Chris is a highly sought after litigator in any breakdown of an employment or senior corporate relationship which is likely to end up in Court. His litigation skills are second-to-none and, as a result, he is very frequently instructed in the High Court, in coterminous proceedings in the Employment Tribunal and in commercial arbitrations.
Chris has been so frequently compared to various members of the animal kingdom and subjected to dubious comparisons to armed assailants and the like that instead of quoting the directories we limit ourselves to noting that he is ranked by Chambers & Partners as a leading employment and commercial dispute resolution practitioner and by Legal 500 in those categories and also in their Media, Entertainment and Sport and International Arbitration categories as well.

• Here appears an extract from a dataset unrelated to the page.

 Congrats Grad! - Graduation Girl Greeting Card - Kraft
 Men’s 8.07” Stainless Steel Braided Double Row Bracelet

Chris has a record of success in major High Court trials including SBJ Lonmar v West and Towry EJ Limited v Bennett. These cases saw him successfully defend individuals and corporations facing seven-figure conspiracy and breach of duty claims. In 2013 he was able to add a successful application for summary judgment in Thomson Ecology v Hall and others to his achievements.

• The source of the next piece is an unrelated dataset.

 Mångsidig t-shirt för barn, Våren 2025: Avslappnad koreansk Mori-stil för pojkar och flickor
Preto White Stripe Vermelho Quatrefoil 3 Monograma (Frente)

The Thomson Ecology case is illustrative of Chris’ practice for a number of reasons. Firstly it demonstrates the breadth of his expertise in that, as is often the case, it involved a wide range of causes of action that took it outside the comfort-zone of most employment practitioners and secondly it showed his ability to make use of Court procedures and rules so as to secure a short-route to a successful result for his clients.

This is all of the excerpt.